Tutte le volte che viene presentata la legge di bilancio per l’anno a venire, la stampa mainstream dimostra il suo ruolo cortigiano. Non fa eccezione quella appena presentata. Perfino i media che hanno posizioni avverse al governo in carica, spiega Andrea Fumagalli su Effimera, si prestano a riportare bufale. In questo articolo, con tutta l’umiltà del caso, si cerca di fare un minimo di chiarezza, cioè di fare quello che un tempo si chiamava “servizio pubblico”
Sappiamo che l’informazione in Italia non offre certo un buon esempio in tema di trasparenza e obiettività. L’informazione economica, poi, sta ancora peggio. Martedì 16 ottobre il governo ha presentato la manovra finanziaria per il 2025 da inviare a Bruxelles per l’approvazione insieme al Piano Strutturale di Bilancio che dovrebbe ridurre il rapporto deficit/Pil al 3,3% nel 2025 e al 2,8% nel 2026: per scongiurare gli effetti della procedura di infrazione commutata all’Italia la scorsa estate. L’ammontare complessivo è intorno ai 30 miliardi in linea con le manovre economiche degli anni precedenti.
I principali quotidiani si sono soffermati in particolare su alcune misure, che dovrebbero rappresentare le principali novità introdotte. Sul lato della spesa, molta enfasi è stata data, soprattutto dalla stampa e dalla televisione pro Meloni all’introduzione di quello che Il Messaggero nel titolo di prima pagina ribattezza il “bonus bebè”. Sul lato delle entrate, invece, l’attenzione dei principali quotidiani è rivolta al cosiddetto “contributo” delle banche e assicurazioni pari a circa 3,5 miliardi. Il Corriere della Sera parla espressamente di contributo (“Intesa sulle banche: contributo di 3,5 miliardi”). La Stampa non si sbilancia (“Dalle banche 3,5 miliardi”). La Repubblica e Libero, in modo diametralmente opposto, introducono la parola “tasse”. Il quotidiano portavoce del PD è quello che si sbilancia di più (e falsifica di più la notizia, come vedremo): “Si alla tassa sulle banche”, quello diretto dagli illeggibili Sechi e Capezzone esulta: “Meno tasse, pagano le banche”. Più sobrio Il Giornale che comunque enfatizza il pagamento delle banche e il bonus bebè.

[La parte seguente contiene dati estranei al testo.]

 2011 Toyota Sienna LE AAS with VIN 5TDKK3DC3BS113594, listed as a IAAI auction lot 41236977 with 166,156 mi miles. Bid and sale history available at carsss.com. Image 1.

La realtà è ben diversa. Le banche e le assicurazioni danno allo stato un anticipo sulle tasse che avrebbero dovuto pagare in ogni caso nei prossimi due anni. SI tratta infatti di un acconto concordato con Abi (Associazione Bancaria Italiana) sull’anticipo delle Dta, le imposte differite attive e sugli incrementi patrimoniali. Non è né un contribuito a fondo perduto, né, men che meno, una tassa (come scrivono Repubblica e Corriere). Ha ragione Il Sole 24 ore, l’unico giornale che titola in modo corretto: “Dalle banche un anticipo di cassa di 3,5 miliardi su due anni”. Tajani può essere soddisfatto. Salvini, quando afferma che pagano le banche, mente sapendo di mentire.
Il tanto propagandato “bonus bebè”, finalizzato a risolvere il problema della denatalità, è invece più un’operazione di facciata che reale. Il numero dei nuovi nati, in calo continuo anno dopo anno, è stato nel 2023 pari a 379.000. Il bonus viene dato alle famiglie con reddito Isee inferiore ai 40.000 euro l’anno. Supponendo che le famiglie, che hanno fatto un figlio con reddito sino a questa soglia, siano il 70% del totale e supponendo che ci sia lo stesso numero di nati per il 2025 (poco probabile), il bonus verrebbe applicato a 265.000 famiglie per un esborso quindi di 265 milioni di euro. Si tratta di una cifra ridicola che ovviamente non può invertire la tendenza verso la denatalità, non incide sui conti pubblici ma si presta a essere propagandata mediaticamente a gloria del governo, come sta avvenendo.
Sia l’anticipo delle Banche che il “bonus Bebè” sono provvedimenti una tantum. Eppure Meloni aveva proclamato che il periodo dei provvedimenti una tantum era finito.
Di ben diverso spessore sono invece le misure che rendono strutturale il taglio del cuneo fiscale per i lavoratori dipendenti a tempo indeterminato sino a 40.000 euro di reddito imponibile e la riduzione a tre delle aliquote fiscali (23% per i redditi fino a 28.000 euro; 35% per i redditi tra 28.000 e 50.000 euro; 43% per i redditi superiori a 50.000 euro). Queste misure richiedono un finanziamento complessivo di ben 15 miliardi di euro. Le fasce più povere non hanno benefici. Qualche briciola va al cosiddetto ceto medio. I ricchi continuano a godere di fatto di una flat tax sopra i 50.000 euro con un ulteriore riduzione della progressività delle aliquote. Contemporaneamente, la soglia di reddito imponibile lordo per i lavorator* a partita Iva che usufruiscono di una flat tax del 15% aumenta sino a 105.000 euro.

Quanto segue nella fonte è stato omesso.